Last year, Irving Oil's director of growth and strategy Andy Carson told a Senate committee there was "a role for us to play" in reducing emissions and fighting climate change. He called it "a very, very significant and important issue" for the province's only oil refiner.
But in December 2019 Reuters news agency reported that the company had quietly dropped its goal of reducing carbon emissions by 17 per cent from 2005 levels by this year.
The company did not respond to a request for comment on Maritime Iron's suggestion about reduced emissions among industrial plants.
JDI vice-president Mary Keith said in an email the company's mills have already exceeded both 2030 reduction targets and the company's forestry operations are a carbon sink, with trees absorbing more carbon dioxide than mills emit.
She said the company would not comment on Maritime Iron's proposal other than to suggest that a federal plan to plant more than two million trees could help offset the iron plant's emissions.
'A really good test case'
D'Entremont said Maritime Iron represents "a really good test case" of whether the province can increase economic activity and create jobs while also hitting emissions targets.
"How are we as a collective going to address the fact that carbon emissions are going to go up?" she said. "What other activities do we have going on that are going to reduce them in other ways?"

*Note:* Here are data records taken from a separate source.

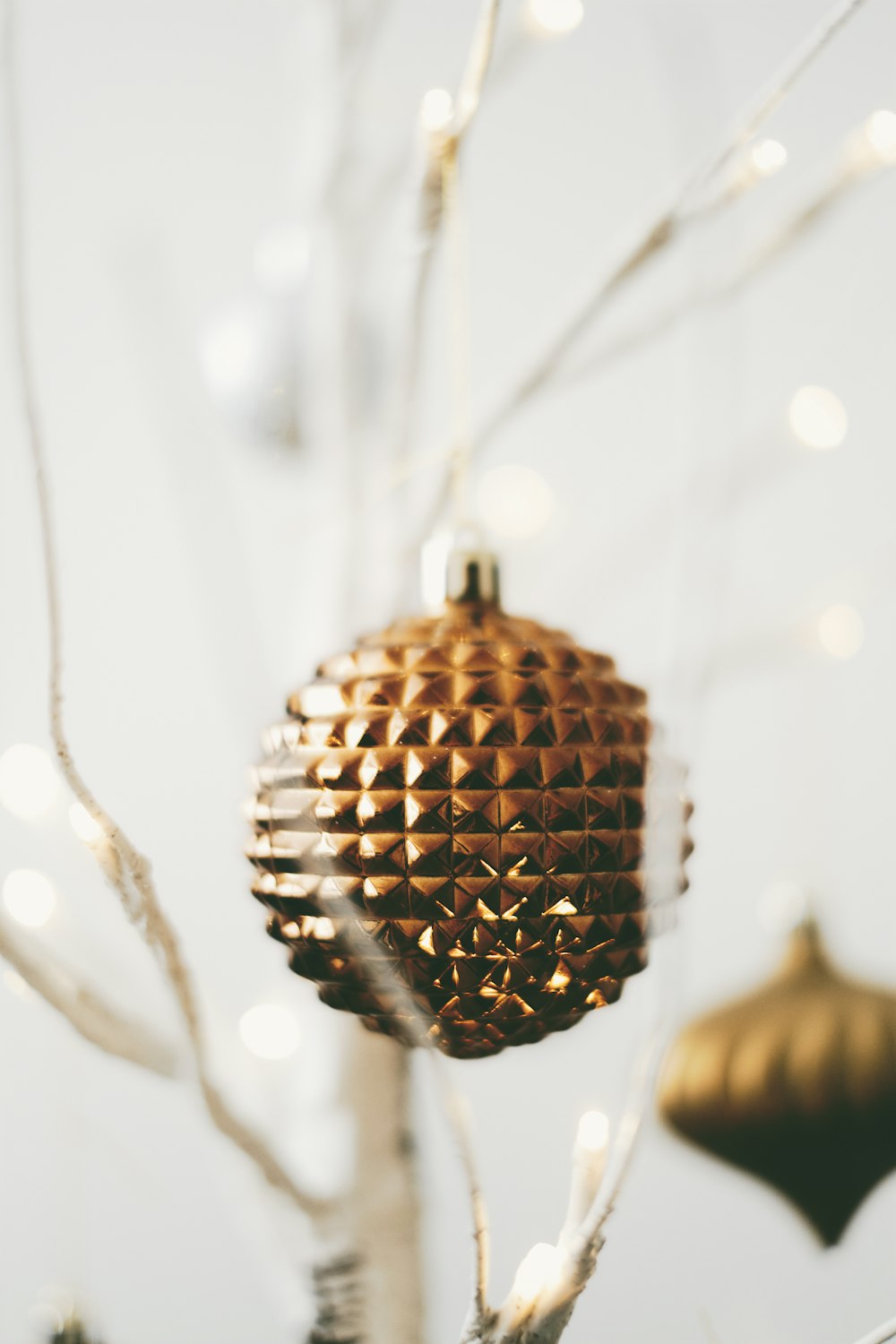 hanging gold-colored bauble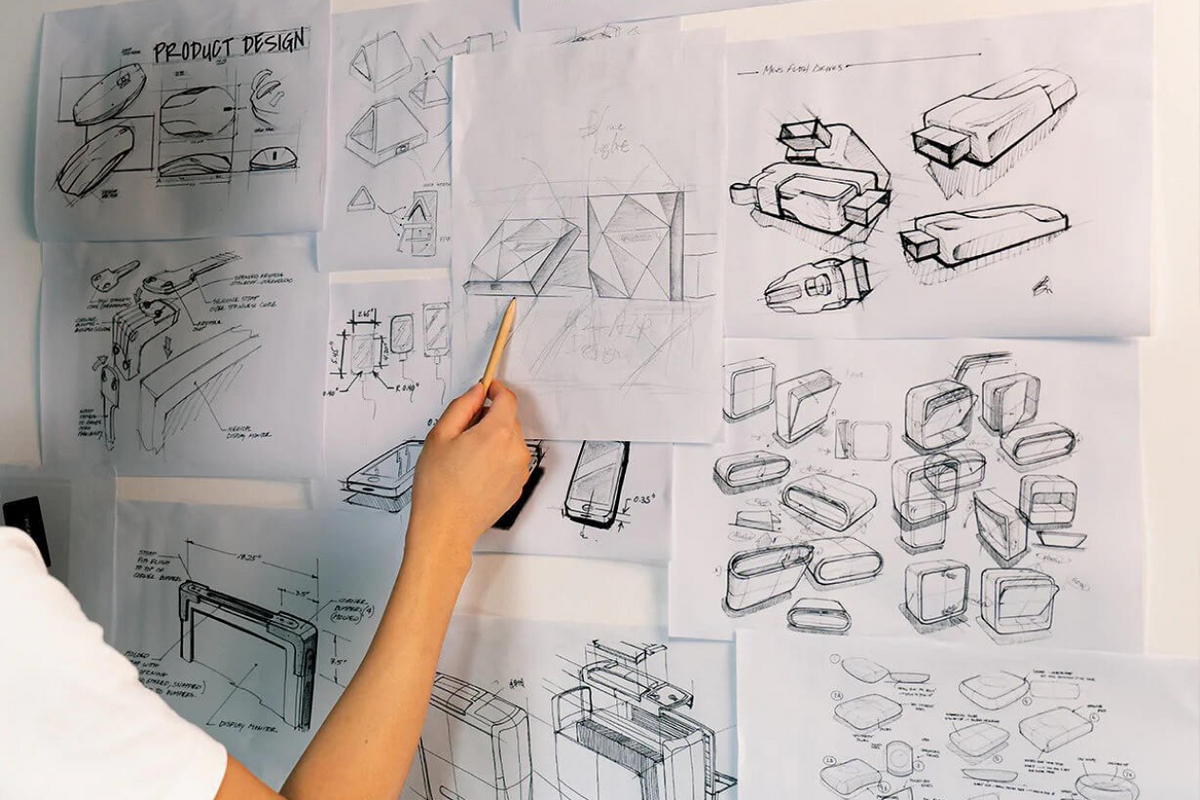 Ottocast product design sketches showing wireless CarPlay and Android Auto adapter innovation process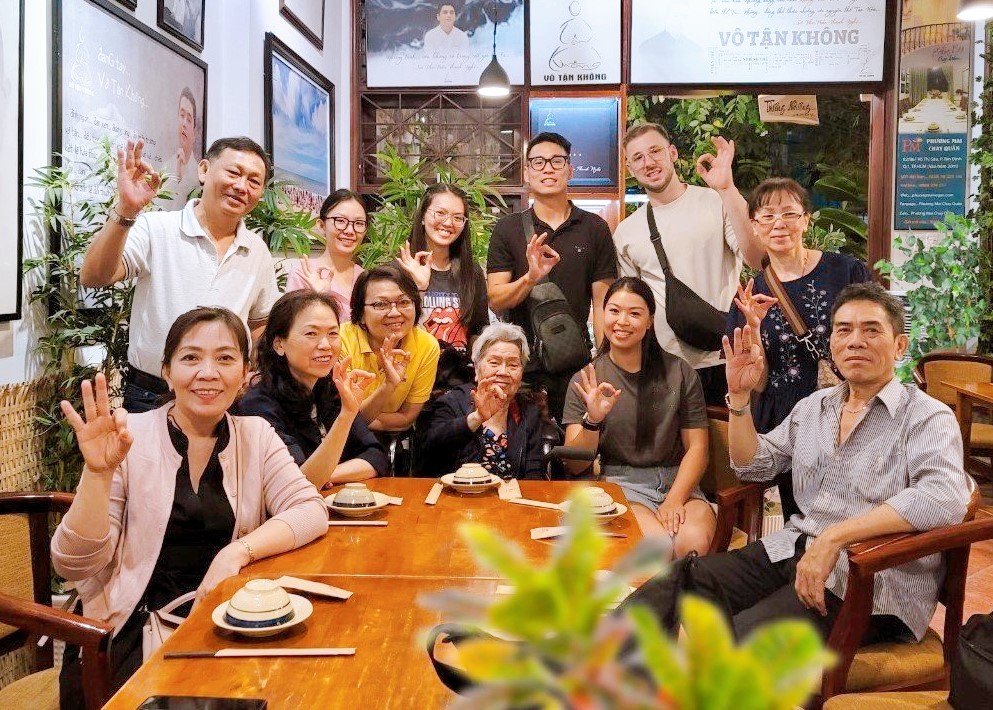 International visitors reacting positively after tasting Vietnamese plant-based specialties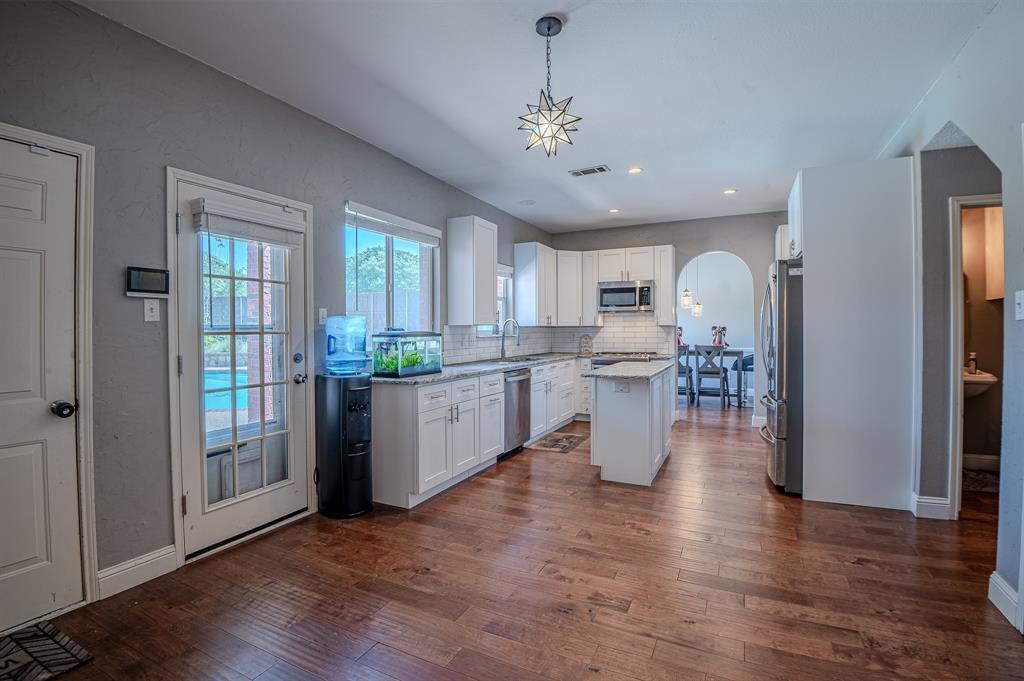 921 Carnegie Court Allen, TX 75002 - Photo 6 of 33 a view of a kitchen with furniture and wooden floor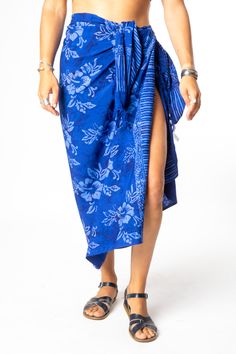 Set your watch to island time and embrace the artistic origins of our tasseled sarong wraps. Dyed with the traditional Indonesian batik method, the colors on this batik sarong are bright and vibrant, and the patterns are uniquely boho chic! From its traditional South Pacific use as a woman's or man's wrap skirt to a hippie skirt, a wall hanging, turban, tablecloth or window dressing, you will never run out of options with a beautiful batik sarong! All Mexicali Blues batik items are handmade in B Bohemian Batik Print Sarong For Festival, Bohemian Sarong With Tropical Print For Beach Season, Traditional Batik Print Sarong For Vacation, Bohemian Style Sarong With Tropical Print For Beach Cover-up, Bohemian Tropical Print Sarong For Beach Cover-up, Bohemian Batik Print Sarong For Vacation, Bohemian Batik Print Sarong For Summer, Summer Bohemian Batik Print Sarong, Bohemian Batik Print Sarong For Beach Season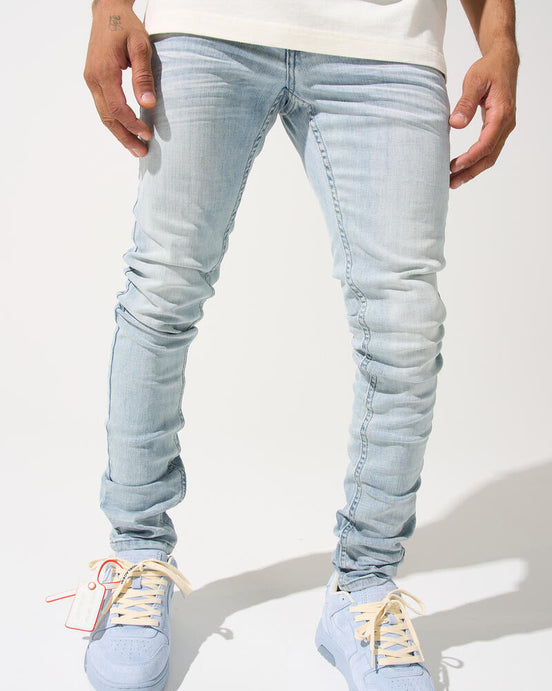 Light blue jeans worn by a person on a white background
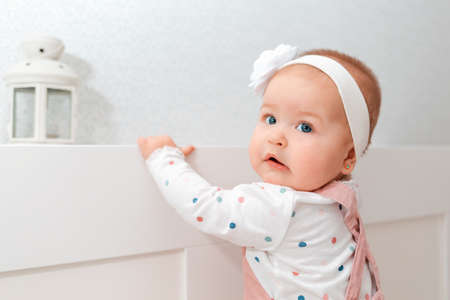 Portrait of a baby girl with a headband on her head, holding her hands to the crib. Concept of...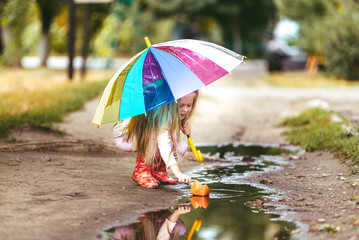 Girl with colorful umbrella making paper ship sail in puddle, happy childhood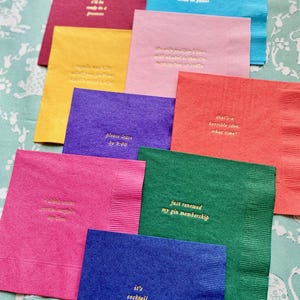 May include: A set of ten colourful napkins with gold lettering. Each napkin has a different saying, such as "I'll be comfy in a  princess", "That's a horrible idea. What time?", "Just renewed my gin membership", and "It's cocktail o'clock".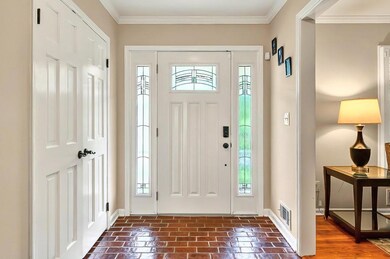 Entrance foyer with healthy amount of natural light, baseboards, brick floors, and ornamental molding
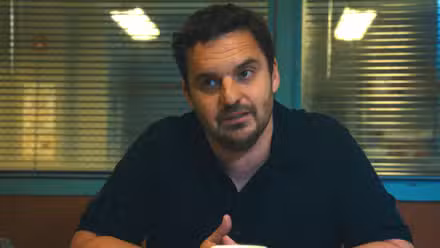 Jake Johnson staring ahead in Maximum Pleasure Guaranteed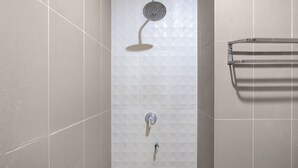 Een douche met een handdouche en een kraan op de muur.
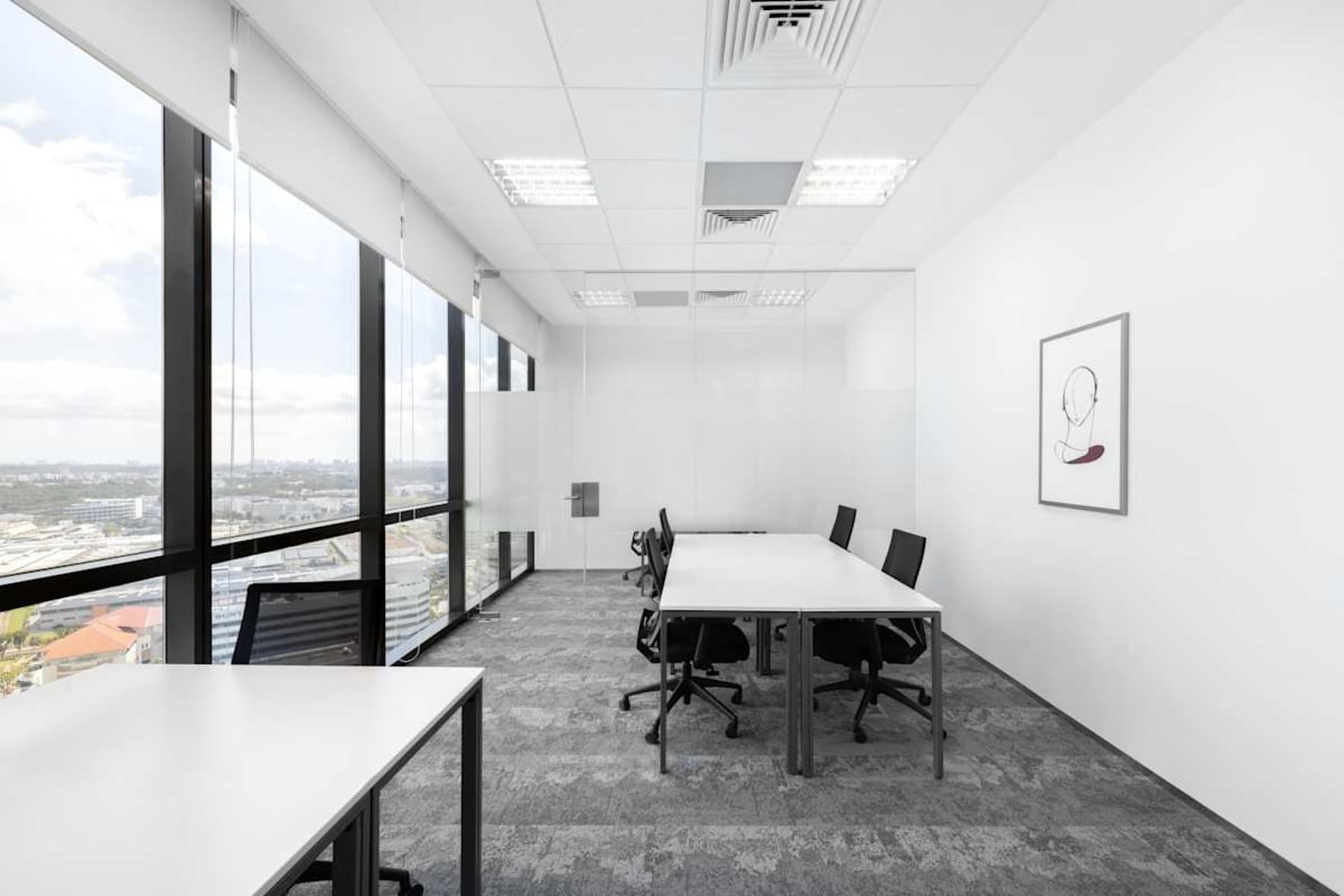 Bright, modern coworking space with large windows and versatile desk layouts in Venture Drive.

She called for the province to fund more technology that would allow "all of us" to reduce emissions and said small nuclear reactors and NB Power's proposed smart meters could play a role.
This week, MLAs on a legislative committee voted to amend the government's carbon-pricing bill for large industry to tie it to the more stringent legislated targets.
The amended bill now says explicitly the pricing system's goal is to regulate emissions "in order to facilitate the achievement" of the targets.
Maritime Iron proposes to link its iron plant to NB Power's generating station so it can sell gas byproduct to the generating station, allowing it to cut its use of coal.
The two facilities combined would emit 4.9 million tonnes of greenhouse gases, or 2.3 million more than what Belledune now emits on its own.
The company argues that Maritime Iron's location will reduce shipping distances for both raw iron ore and finished pig iron, lowering emissions from ocean-going freighters.
That and the company's new processing technology will contribute to global emissions reductions even while increasing emissions in New Brunswick, the company says.
The existing federal climate plan doesn't allow provinces to get credit for emissions created outside their boundaries, and no international credit-trading regime exists.